Taman Bukit Bayu residents are seeking confirmation on whether a plot of land near Bukit Bayu at Section U10 in Shah Alam is owned by the Selangor state government or a private property developer, reported The Star.
This is because there are now two signboards claiming ownership over a piece of land at the entrance of Bukit Cerakah Forest Reserve trail next to Bukit Bayu. The state authorities installed theirs last June after residents alerts them about land clearing in the area, while that from the developer was only put up recently.
“The state government put up its signboard after we had a press conference with Kota Anggerik Assemblyman Najwan Halimi. We thought it was the end of that issue until activity began at the site a week ago,” said resident Nazri Elias.
At the same time, the property developer installed an information board on the site, indicating the name of the firms undertaking the project. They also put up fences to prevent people from accessing the forest area, which is frequented by hikers and nature enthusiasts.
Consequently, residents of Taman Bukit Bayu fear that the forest would be destroyed, while the animals living there could lose their home.
“This area borders the Bukit Cerakah Forest Reserve and the animals roam free here. Many enter the residential areas, too,” noted Nazri.
According to Pertubuhan Pelindung Khazanah Alam Malaysia (Peka) Selangor Chairman Damien Thanam, the forest is the habitat of several protected species, like tapirs, gibbons and Dusky Leaf monkey.
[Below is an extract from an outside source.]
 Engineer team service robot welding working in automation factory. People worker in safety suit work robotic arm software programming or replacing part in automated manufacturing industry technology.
Aside from that, the flora and trees mitigate flooding.
“We need to look at the long-term impact caused by development. The place is popular with families and a good educational spot. It should be preserved,” he insisted.
Nazri said they are worried over the fast pace of construction work at the site. They also asked if the developer has carried out a recent environmental impact assessment (EIA), as the last one in the area was conducted in 2005.
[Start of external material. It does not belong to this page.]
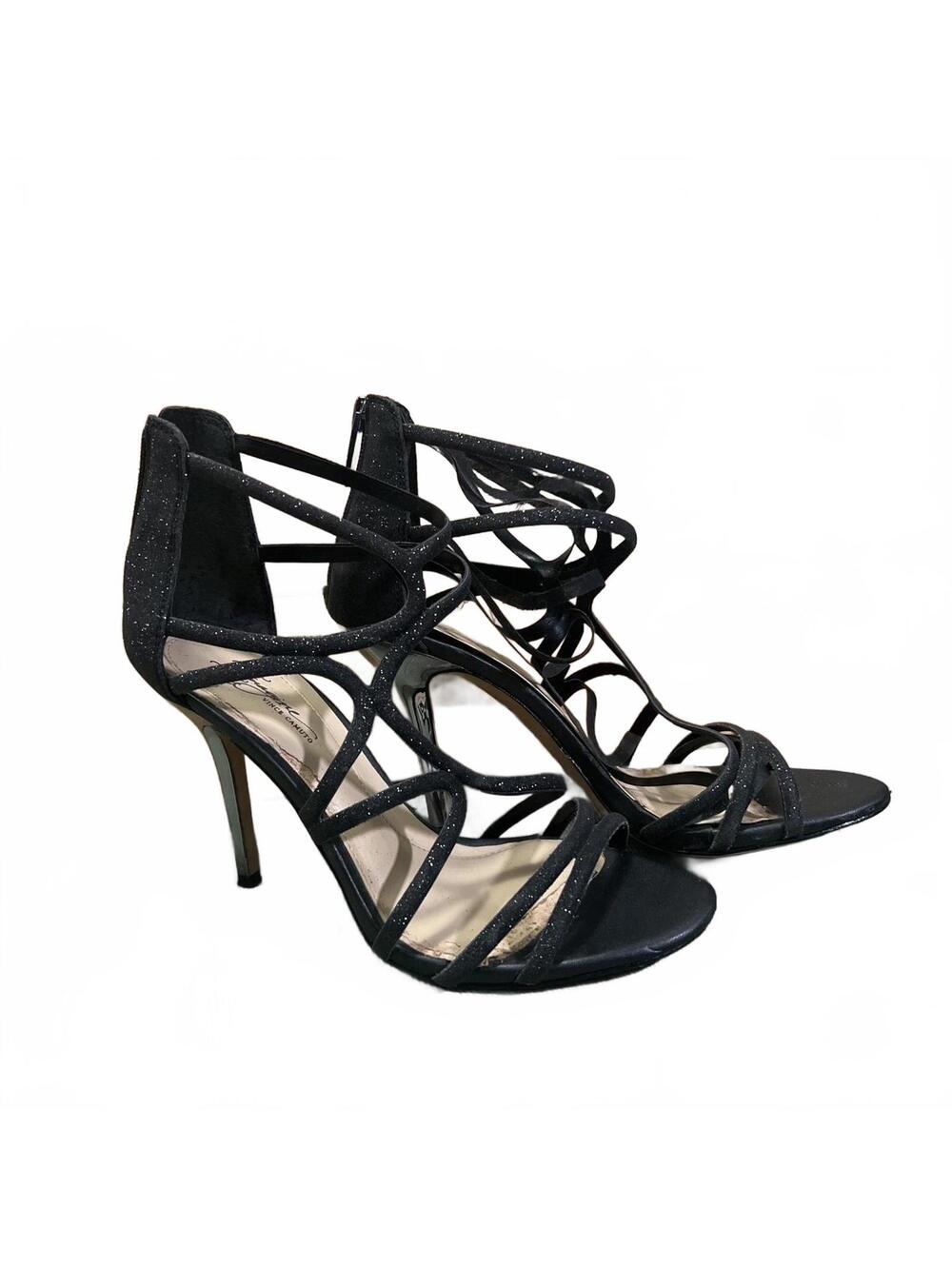 Vince Camuto Imagine Womens Black Strappy Glitter Gladiator Heels Size 7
Damien and Nazri revealed the aforementioned information during a site visit and press conference with Najwan, Shah Alam Councillor Ghandimathi Suppiah and staff from the office of Shah Alam MP Khalid Samad.
After confirming with local authorities, Najwan elucidated that the land is privately owned. However, it’s not yet known if the owner had forked out a premium payment.
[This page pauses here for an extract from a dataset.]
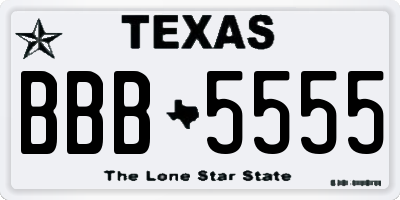 TX license plate BBB5555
“If the premium has not been paid, the government has every right to confiscate the land. The residents want to know if the law has been adhered to and whether they have encroached on government land,” he explained.
Furthermore, Ghandhimathi revealed that the property developer had secured the needed permits from Shah Alam City Council’s Planning and Engineering departments.
“I will check on the processes that were done to obtain the approvals,” she said, adding that Shah Alam authorities want to strike a balance between development and protecting the environment.